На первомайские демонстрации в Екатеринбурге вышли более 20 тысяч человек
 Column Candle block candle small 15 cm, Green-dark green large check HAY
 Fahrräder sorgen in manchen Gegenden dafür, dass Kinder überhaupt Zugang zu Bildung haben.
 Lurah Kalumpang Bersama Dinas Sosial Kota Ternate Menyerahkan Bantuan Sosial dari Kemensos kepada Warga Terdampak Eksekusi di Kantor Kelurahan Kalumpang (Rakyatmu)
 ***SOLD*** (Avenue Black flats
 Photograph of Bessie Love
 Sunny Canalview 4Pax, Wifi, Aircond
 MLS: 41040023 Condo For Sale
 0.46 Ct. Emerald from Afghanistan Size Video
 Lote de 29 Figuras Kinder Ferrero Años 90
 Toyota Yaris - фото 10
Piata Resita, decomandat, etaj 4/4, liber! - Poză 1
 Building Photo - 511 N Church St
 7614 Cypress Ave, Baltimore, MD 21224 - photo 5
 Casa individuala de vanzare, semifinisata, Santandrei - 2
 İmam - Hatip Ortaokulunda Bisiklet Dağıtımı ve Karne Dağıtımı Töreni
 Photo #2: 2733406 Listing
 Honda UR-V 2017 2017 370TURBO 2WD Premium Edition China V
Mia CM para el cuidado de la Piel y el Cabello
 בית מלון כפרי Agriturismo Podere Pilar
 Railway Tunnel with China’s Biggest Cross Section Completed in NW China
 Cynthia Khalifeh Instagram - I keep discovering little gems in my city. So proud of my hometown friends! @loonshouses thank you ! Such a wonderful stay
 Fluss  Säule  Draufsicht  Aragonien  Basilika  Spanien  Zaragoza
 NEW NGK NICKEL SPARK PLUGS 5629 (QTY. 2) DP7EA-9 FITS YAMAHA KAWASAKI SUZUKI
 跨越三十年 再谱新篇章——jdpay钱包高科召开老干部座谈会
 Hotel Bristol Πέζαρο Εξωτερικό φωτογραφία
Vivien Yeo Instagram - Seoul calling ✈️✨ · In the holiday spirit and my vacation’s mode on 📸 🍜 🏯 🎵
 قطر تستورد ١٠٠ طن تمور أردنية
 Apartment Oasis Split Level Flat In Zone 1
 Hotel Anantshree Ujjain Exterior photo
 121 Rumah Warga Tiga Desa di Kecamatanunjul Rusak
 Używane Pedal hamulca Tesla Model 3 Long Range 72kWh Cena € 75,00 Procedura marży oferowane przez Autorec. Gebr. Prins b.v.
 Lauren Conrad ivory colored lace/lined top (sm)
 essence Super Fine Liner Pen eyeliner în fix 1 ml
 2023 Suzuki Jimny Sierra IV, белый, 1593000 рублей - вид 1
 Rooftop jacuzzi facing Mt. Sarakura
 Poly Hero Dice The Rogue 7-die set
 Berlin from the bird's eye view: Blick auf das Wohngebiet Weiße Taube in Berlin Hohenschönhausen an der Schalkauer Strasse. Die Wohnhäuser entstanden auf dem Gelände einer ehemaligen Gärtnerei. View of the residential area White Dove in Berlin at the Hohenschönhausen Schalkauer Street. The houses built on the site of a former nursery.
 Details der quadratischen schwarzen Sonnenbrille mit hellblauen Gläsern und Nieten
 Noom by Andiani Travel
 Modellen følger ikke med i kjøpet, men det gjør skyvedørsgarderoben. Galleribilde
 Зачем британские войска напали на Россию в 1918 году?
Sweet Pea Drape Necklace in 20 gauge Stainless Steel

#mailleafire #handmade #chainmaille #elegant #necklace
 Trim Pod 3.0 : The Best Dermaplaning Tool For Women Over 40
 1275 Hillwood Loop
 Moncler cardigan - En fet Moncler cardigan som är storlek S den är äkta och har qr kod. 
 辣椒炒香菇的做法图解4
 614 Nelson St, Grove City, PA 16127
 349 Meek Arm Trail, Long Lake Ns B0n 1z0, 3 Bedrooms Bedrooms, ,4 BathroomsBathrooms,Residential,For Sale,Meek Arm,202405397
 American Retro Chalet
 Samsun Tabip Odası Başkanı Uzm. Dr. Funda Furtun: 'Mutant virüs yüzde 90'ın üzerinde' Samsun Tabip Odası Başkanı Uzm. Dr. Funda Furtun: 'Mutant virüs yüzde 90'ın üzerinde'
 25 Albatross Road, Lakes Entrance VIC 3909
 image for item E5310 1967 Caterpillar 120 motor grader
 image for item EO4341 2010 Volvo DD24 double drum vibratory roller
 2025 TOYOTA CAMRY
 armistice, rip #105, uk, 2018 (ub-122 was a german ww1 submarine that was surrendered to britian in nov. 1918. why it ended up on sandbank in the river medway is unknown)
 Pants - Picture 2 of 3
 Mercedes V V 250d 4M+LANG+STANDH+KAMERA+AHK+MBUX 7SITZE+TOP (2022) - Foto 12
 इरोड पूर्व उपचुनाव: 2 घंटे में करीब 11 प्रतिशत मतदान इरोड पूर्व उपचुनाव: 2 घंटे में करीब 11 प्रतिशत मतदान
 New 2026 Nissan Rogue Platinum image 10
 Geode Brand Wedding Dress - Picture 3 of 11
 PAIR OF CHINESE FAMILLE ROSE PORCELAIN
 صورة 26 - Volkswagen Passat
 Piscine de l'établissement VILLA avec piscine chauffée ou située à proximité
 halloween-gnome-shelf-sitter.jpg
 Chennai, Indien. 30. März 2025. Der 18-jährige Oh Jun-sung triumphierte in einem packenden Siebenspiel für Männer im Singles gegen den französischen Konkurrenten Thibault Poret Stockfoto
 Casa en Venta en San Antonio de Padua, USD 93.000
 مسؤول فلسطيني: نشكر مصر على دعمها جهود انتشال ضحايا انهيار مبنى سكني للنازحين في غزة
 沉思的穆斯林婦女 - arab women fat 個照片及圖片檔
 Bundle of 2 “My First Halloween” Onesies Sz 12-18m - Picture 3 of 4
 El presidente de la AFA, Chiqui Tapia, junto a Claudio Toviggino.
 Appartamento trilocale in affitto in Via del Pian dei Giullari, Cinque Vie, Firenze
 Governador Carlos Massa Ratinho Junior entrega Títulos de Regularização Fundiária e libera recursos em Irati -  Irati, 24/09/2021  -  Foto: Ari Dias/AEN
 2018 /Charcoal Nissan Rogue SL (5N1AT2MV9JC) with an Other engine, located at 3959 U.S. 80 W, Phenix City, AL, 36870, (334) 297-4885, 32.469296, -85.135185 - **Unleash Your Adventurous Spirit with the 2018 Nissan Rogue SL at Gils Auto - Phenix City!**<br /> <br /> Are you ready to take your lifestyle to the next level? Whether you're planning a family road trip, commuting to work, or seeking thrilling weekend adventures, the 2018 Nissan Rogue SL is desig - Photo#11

### [WHAT THE TASK REQUIRES]
Lines with the word "Sale" in them are the answer; report each one from the data.

### [WRITTEN ANSWER]
 MLS: 41040023 Condo For Sale
 349 Meek Arm Trail, Long Lake Ns B0n 1z0, 3 Bedrooms Bedrooms, ,4 BathroomsBathrooms,Residential,For Sale,Meek Arm,202405397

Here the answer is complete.